盛岡はスターバックスが中心部から撤退せざるを得なくなったほど、個人経営の喫茶店が人々に深く愛されている街だ。一関出身の熊谷拓哉さんが盛岡へ移り住むきっかけは、図書館で読んだ一冊の雑誌だった。
「そこに盛岡の〈機屋〉というコーヒー店が載っていて、見出しに“開店直前に2トンの豆を持っていた”と書いてあった。何だそれはと思ったんです。

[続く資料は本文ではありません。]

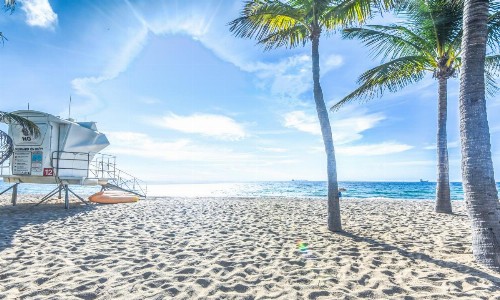 Coco Palm Escape: 5 Min Walk to Beaches 5 Star Home 4/2 Feet to BEACH Heated Pool!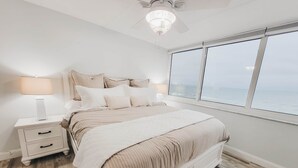 Une chambre à coucher comprenant un lit, des tables de chevet, un ventilateur de plafond et une grande fenêtre donnant sur un beau paysage.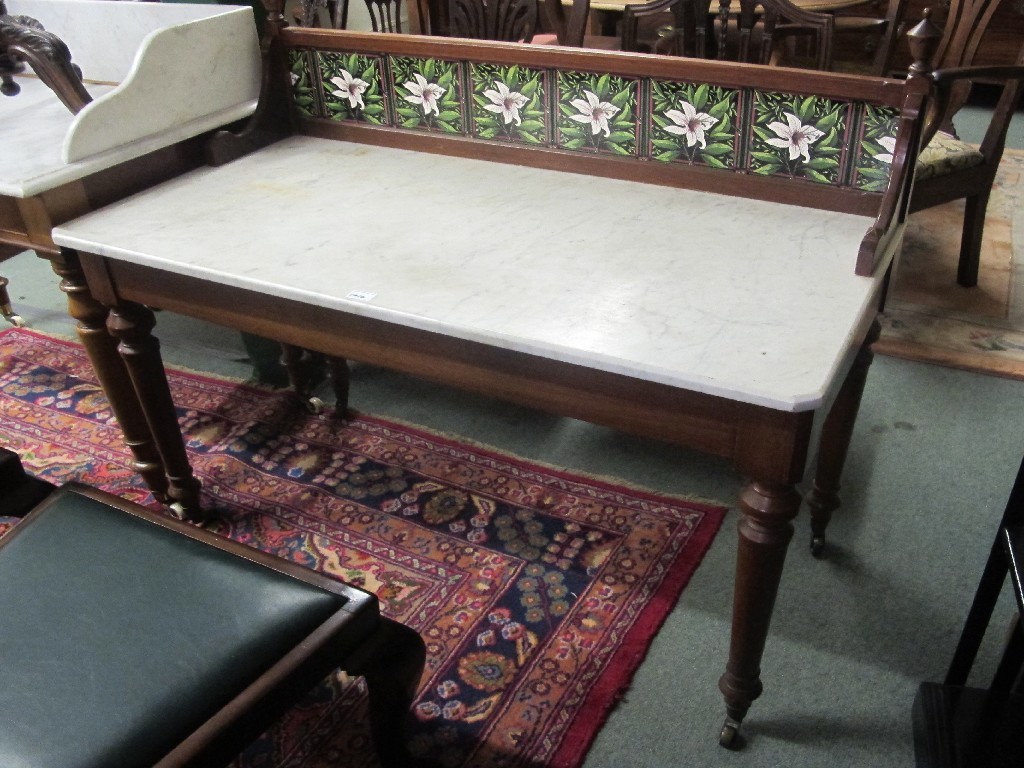 Appraisal: Late Victorian mahogany washstand with tiled back and marble top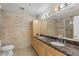 Elegant bathroom with double vanity and a large mirror at 7131 E Rancho Vista Dr # 3001, Scottsdale, AZ 85251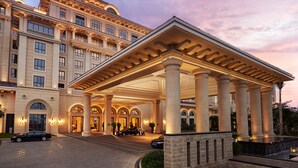 A grand hotel entrance with a covered patio, large columns, and a well-lit facade. - Hilton Haikou Meilan (Haikou)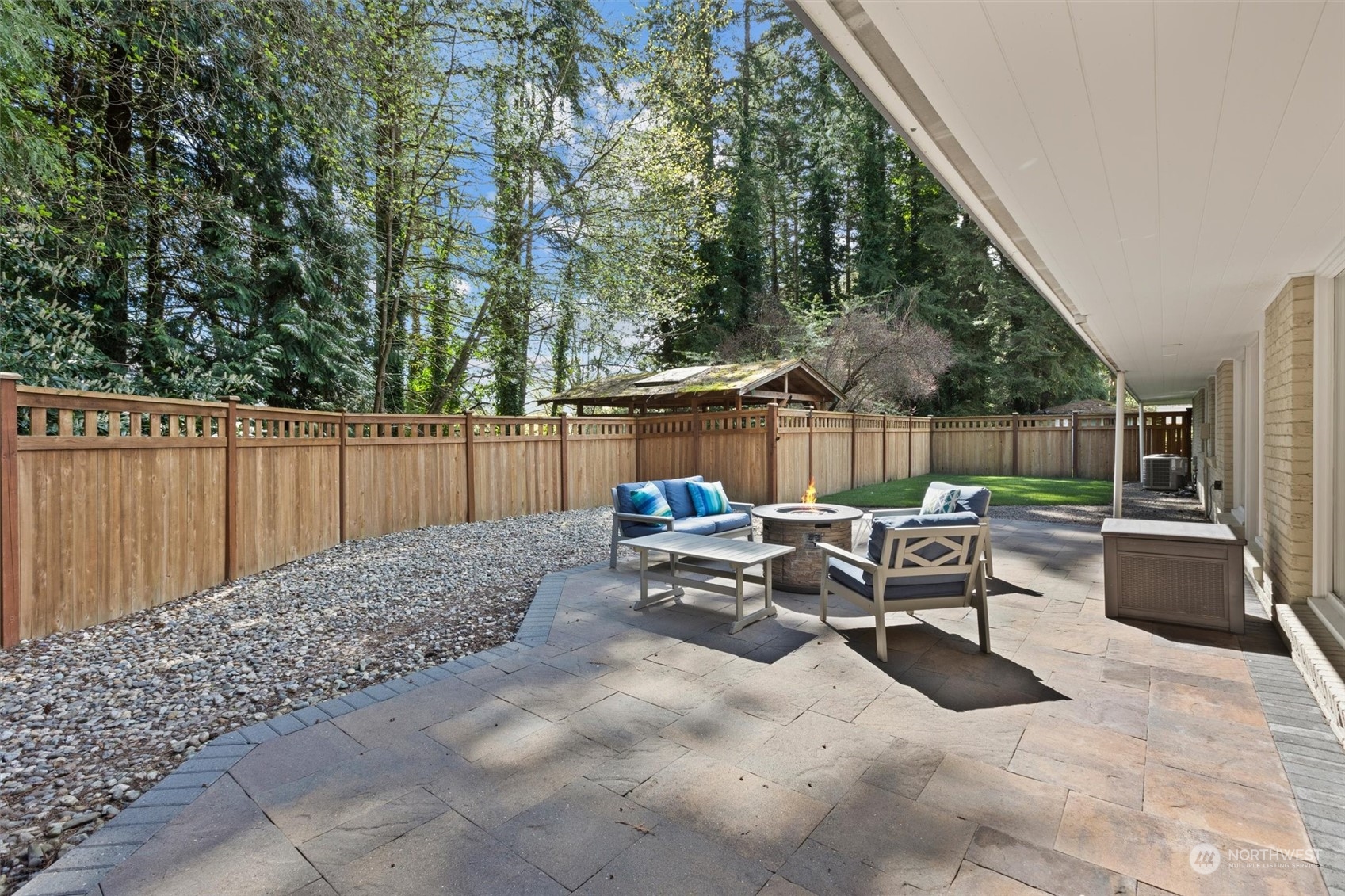 9631 Northeast 198th Street Bothell, WA 98011 - Photo 28 of 40 a view of backyard with large trees and wooden fence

当時はコーヒーのことをぜんぜん知らないから、焙煎した状態の豆しか思い浮かばなくて、オールドビーンズなんて想像もつかない。悪くなるだけじゃないかなと。同時に、どんな考えでやっているのかに興味が湧いたんです。それで〈機屋〉へ月に何度か、コーヒーを飲みに行くようになり、そのうちに働くことになりました」
抽出や焙煎の基本的な知識を得てから、後は自分でどんどんつくって深めていくしかないと考えるようになり、震災も一つの契機となって、2011年の暮れにこの店をオープンした。
「全体の席数が10席でカウンターがあるというのは最初から決めていました。1人で回せるギリギリの数だし、10席なら満席でも距離が保てるかなと思って。
いまは1人でいらしたお客さんはだいたいテーブルに座り、話したい人はカウンターに座ります。ぼくは一見、寡黙に見えるらしいのですが、話しかけられたらしゃべるというタイプなんで」
熊谷さんは自分の店をコーヒー屋と考えている。そう呼ぶだけで入ろうとする側に少しだけ躊躇させる何かがあるからだという。とはいえ、コーヒーの味についてわかっていることを求めているのではない。
「コーヒーの味は、あくまでぼくが個人的に追い求めるものがあるということで、お客さんにはコーヒーを飲んで何か満たされた気持ちになってほしいだけです。豆はその季節に飲みたいものを6種類くらい。
常に何から何まで取り揃えておかなくてもいいかなと思っています。お客さんには中に入った時点から、好きなようにしていただきたいし、出ていくときには、入る前よりも少しでも楽しい気分になってくれていたら嬉しいですね。
喫茶店に行く人がいっぱいいれば、ぼくはそれでいい。今日はこの店の気分だなと、使い分けてもらえばいいんです」
窓から入る光と白い壁。〈六月の鹿〉の明るさと軽さは、コーヒー店という言葉が喚起する重々しさとは遠く、気持ちが良い。